Below is some info from the NN logs for the problematic file.

{noformat}
[ec2-user@leader2 logs]$ grep 3a731759-3594-4535-8086-245 
hadoop-ec2-user-namenode-leader2.log 
2015-05-14 17:10:46,299 INFO org.apache.hadoop.hdfs.StateChange: BLOCK* 
allocateBlock: 
/accumulo/wal/worker11+9997/3a731759-3594-4535-8086-245eed7cd4c2. 
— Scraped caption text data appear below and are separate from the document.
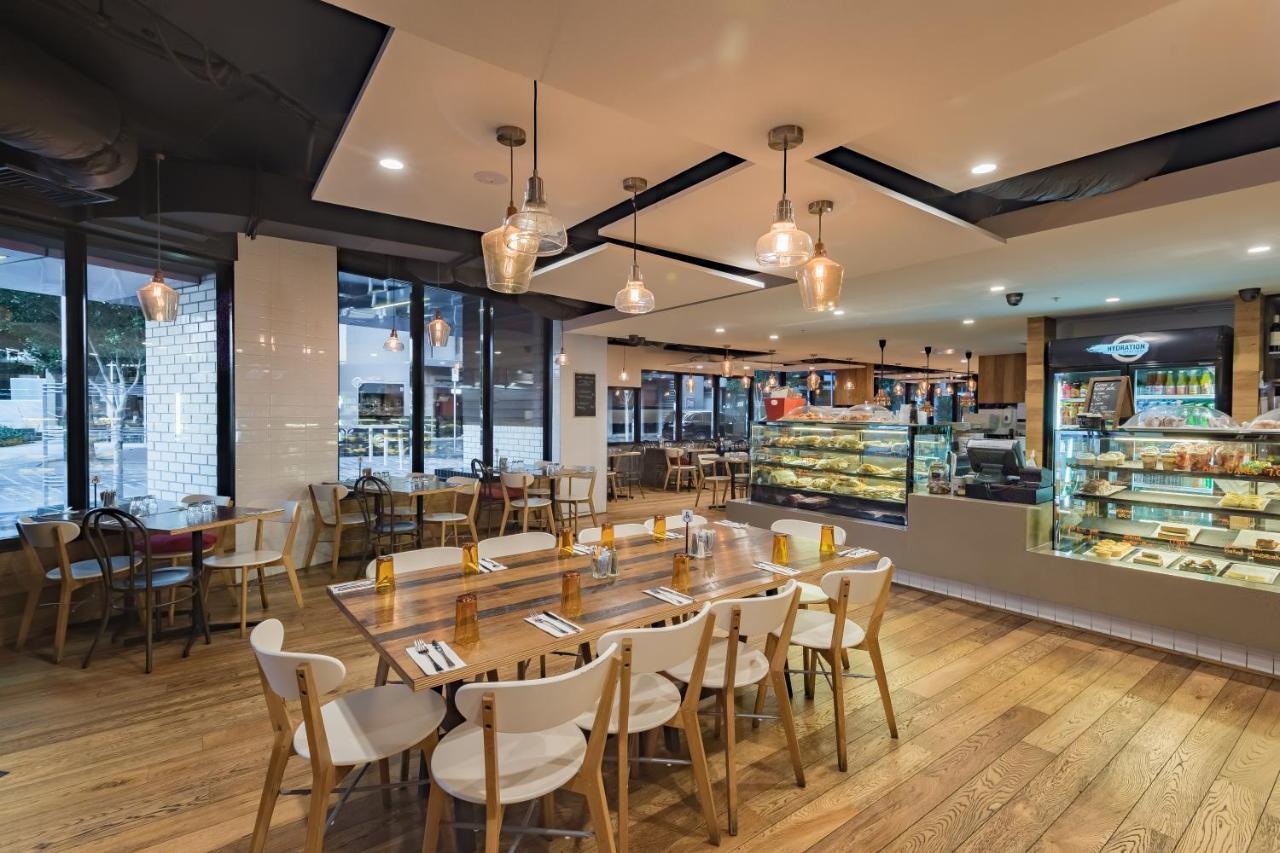 The Sebel Residences Melbourne Docklands Serviced Apartments Ngoại thất bức ảnh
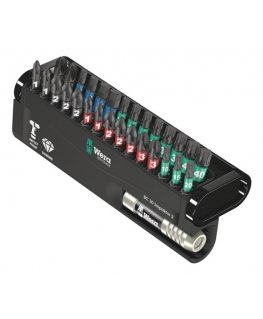 Wera 05057697001 screwdriver bit 30 pc(s)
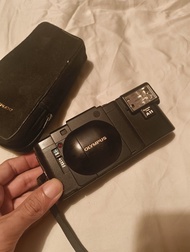 Olympus xa 菲林相機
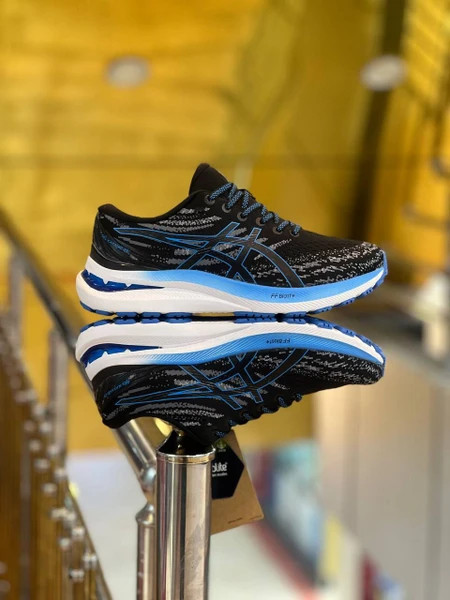 کتونی اسیکس ژل کایانو 29 مسترکوالیتی /سایز 40 الی 45/Asics Gel Kayano 29/ فروش عمده و تک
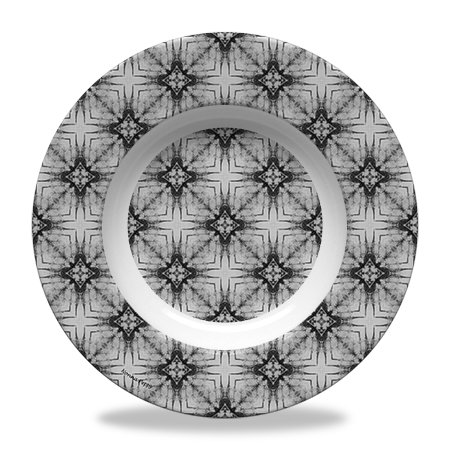 Immeasurable Life Art - Soup Plate #6006 Polymer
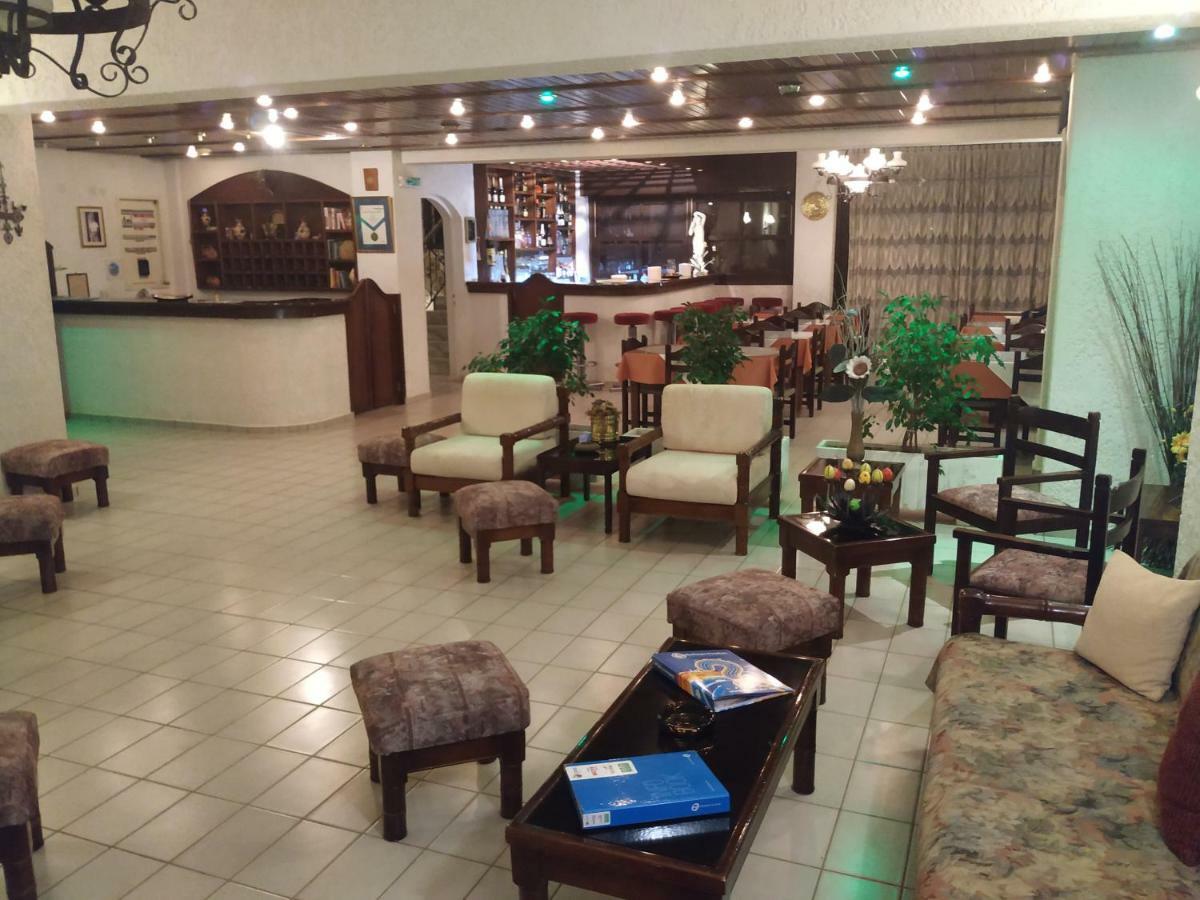 Efi Hotel Μάλια Εξωτερικό φωτογραφία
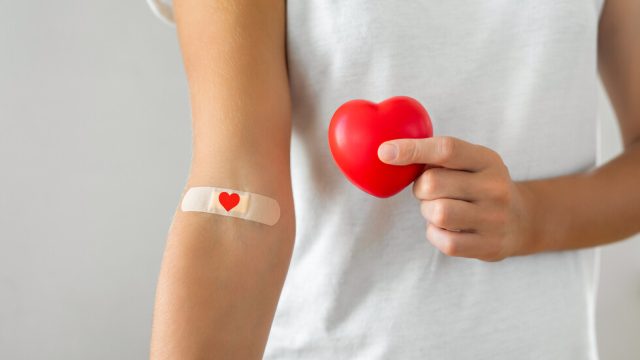 кръводаряването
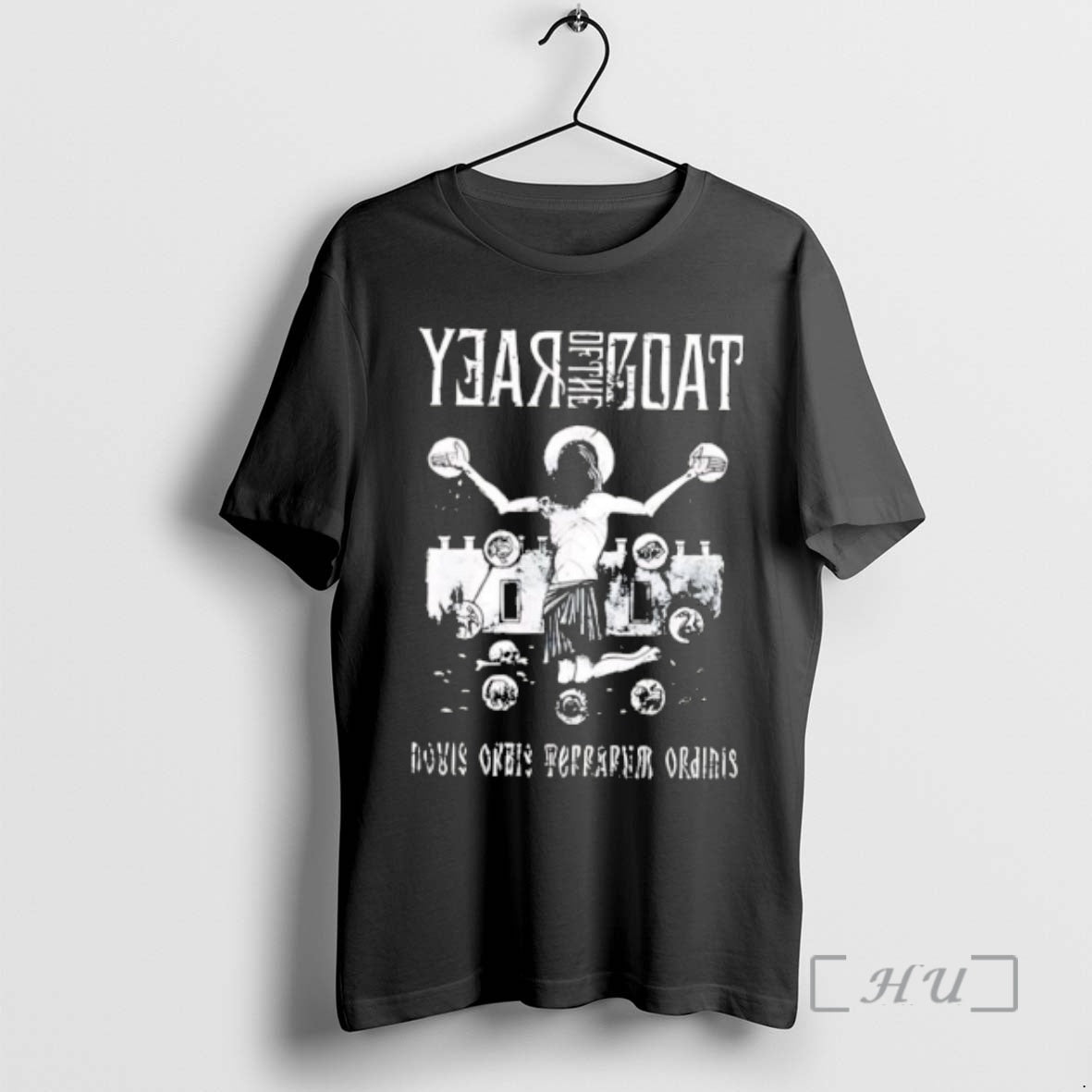 Officials Year Of The Goat Noris Orbis Vintage T-Shirts, Hoodie, Sweatshirt | AU18TeeNovaLab.com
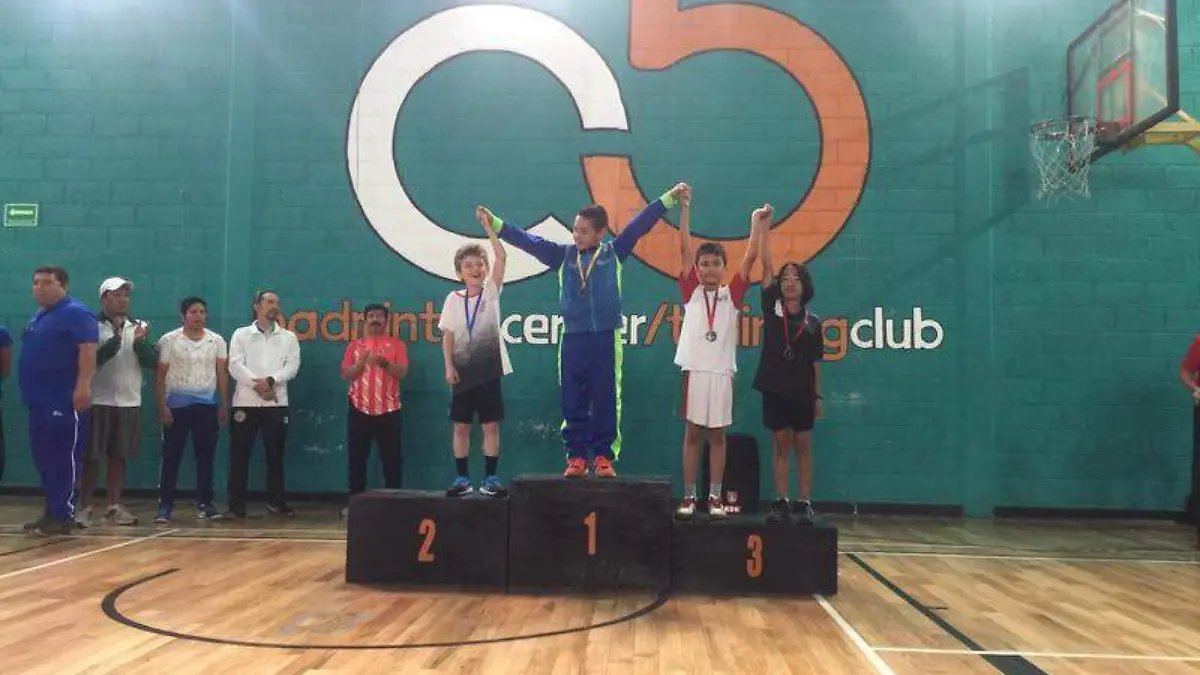 Gael garcia badmintonista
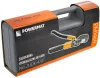 Hidraulikus kábelsaru-préselő fogó 4–70 mm², 6 t, hatszögletű, kofferben, PM-ZHDK-470T – Powermat (PM1469)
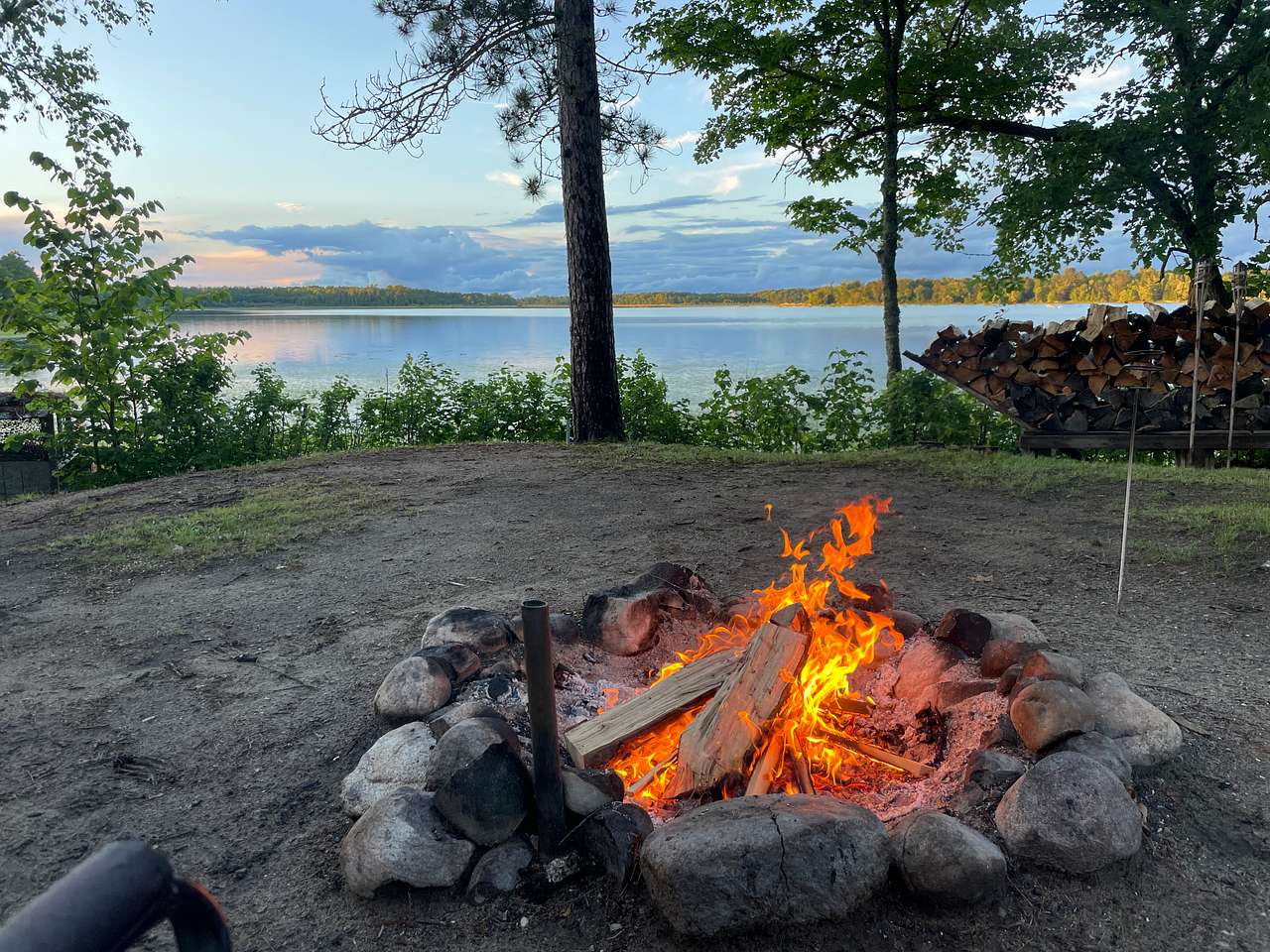 The Dora Lake Outpost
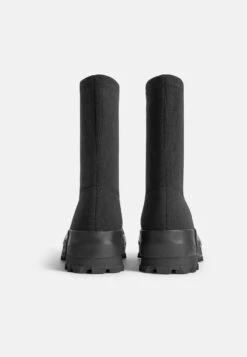 Traktori - Laarzen - Schwarz -Mode Herenkleding Winkel 46b42b68eed944b1b0fa627ba7a7786e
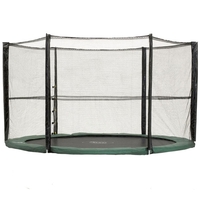 Plum 10ft 1G External Trampoline Net (3-Leg) (net only)
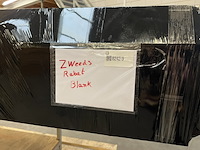 Ca. 71x douglas tone zweeds rabat - afbeelding 2 van  9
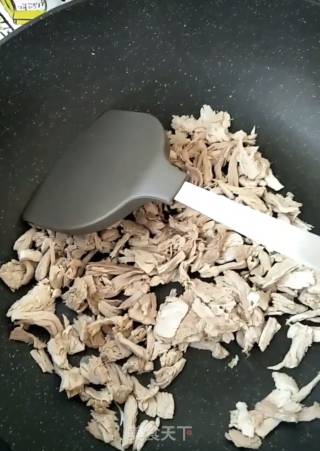 Seaweed Floss recipe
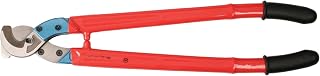 Wiha 40800 Large Capacity 31.5-Inch Cable Cutter with Insulated Handle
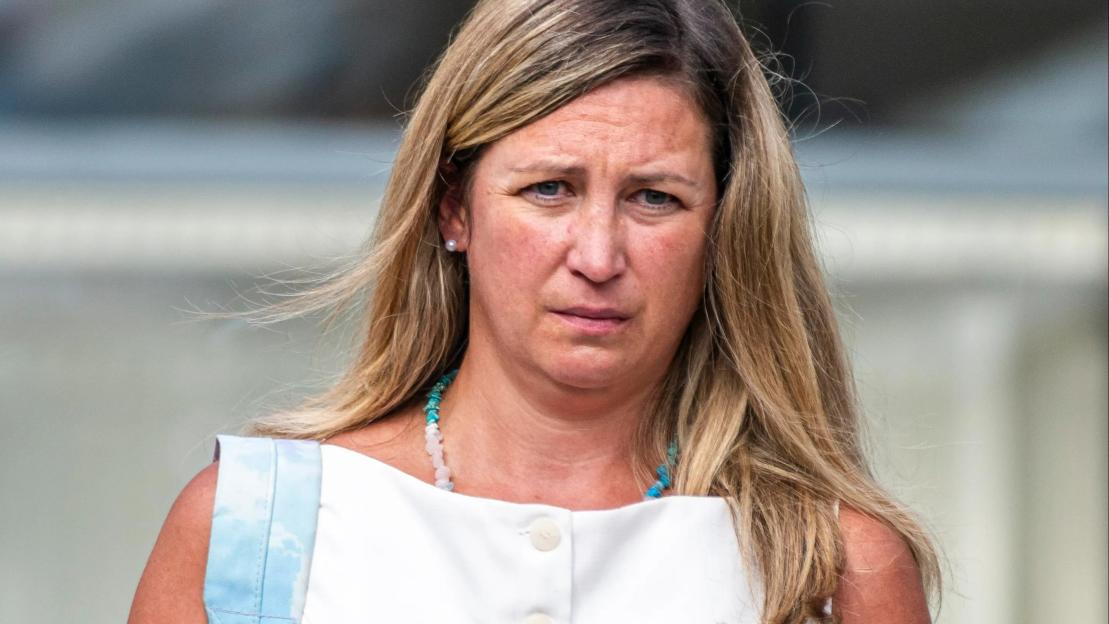 Drunk woman sexually assaulted diner at fancy restaurant as he celebrated anniversary & cancer all-clear with his wife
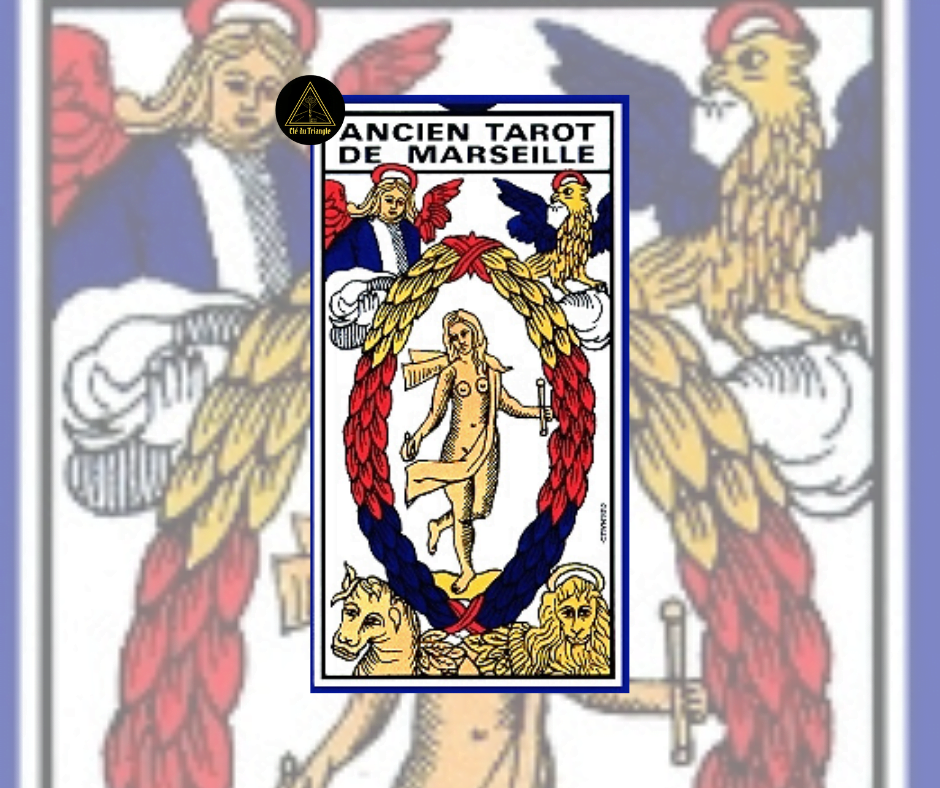 Mini Tarot de Marseille - Editions Grimaud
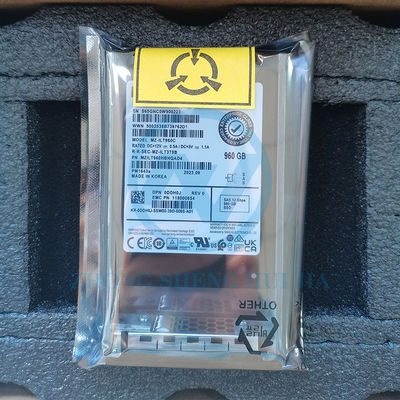 400-AUJH SC 960GB SAS 12Gb 2.5" RI SSD CUS 580W Fornecimento de energia para armazenamento de alta capacidade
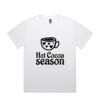 Heavy Faded Minus Tee [-5CM] Thumbnail
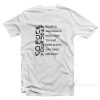 Reading Japanese Is Really Easy T-Shirt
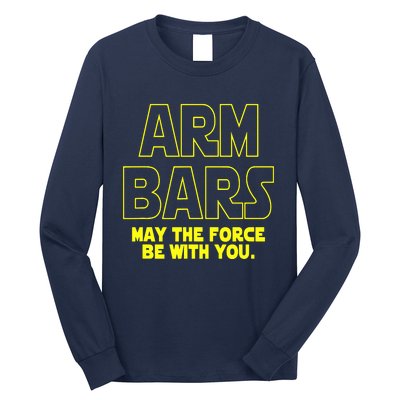 Jiu Jitsu Arm Bar , Brazilian Jiu Jitsu BJJ Long Sleeve Shirt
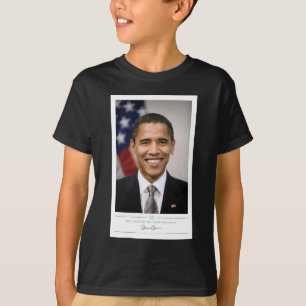 American President Elect Barack Obama  T-Shirt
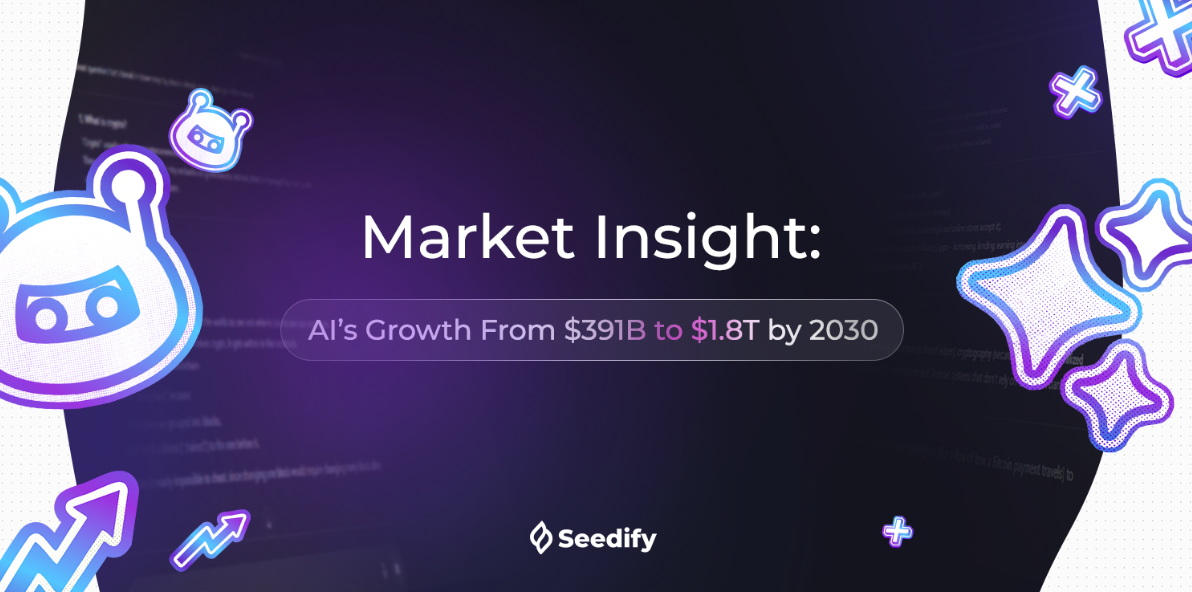 Market Insight: AI’s Growth From $391B to $1.8T by 2030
BP-802741494-10.1.5.6-1431557089849 
blk_1073932823_192060{blockUCState=UNDER_CONSTRUCTION, primaryNodeIndex=-1, 
replicas=[ReplicaUnderConstruction[[DISK]DS-ffe07d7d-0e68-45b8-b3d5-c976f1716481:NORMAL:10.1.5.55:50010|RBW],
 
ReplicaUnderConstruction[[DISK]DS-6efec702-3f1f-4ec0-a31f-de947e7e6097:NORMAL:10.1.5.9:50010|RBW],
 
ReplicaUnderConstruction[[DISK]DS-5e27df17-abf8-47df-b4bc-c38d0cd426ea:NORMAL:10.1.5.45:50010|RBW]]}
2015-05-14 17:10:46,628 INFO org.apache.hadoop.hdfs.StateChange: BLOCK* fsync: 
/accumulo/wal/worker11+9997/3a731759-3594-4535-8086-245eed7cd4c2 for 
DFSClient_NONMAPREDUCE_-1128465883_16
2015-05-14 17:14:49,288 INFO 
org.apache.hadoop.hdfs.server.namenode.FSNamesystem: recoverLease: [Lease.  
Holder: DFSClient_NONMAPREDUCE_-1128465883_16, pendingcreates: 1], 
src=/accumulo/wal/worker11+9997/3a731759-3594-4535-8086-245eed7cd4c2 from 
client DFSClient_NONMAPREDUCE_-1128465883_16
2015-05-14 17:14:49,288 INFO 
org.apache.hadoop.hdfs.server.namenode.FSNamesystem: Recovering [Lease.  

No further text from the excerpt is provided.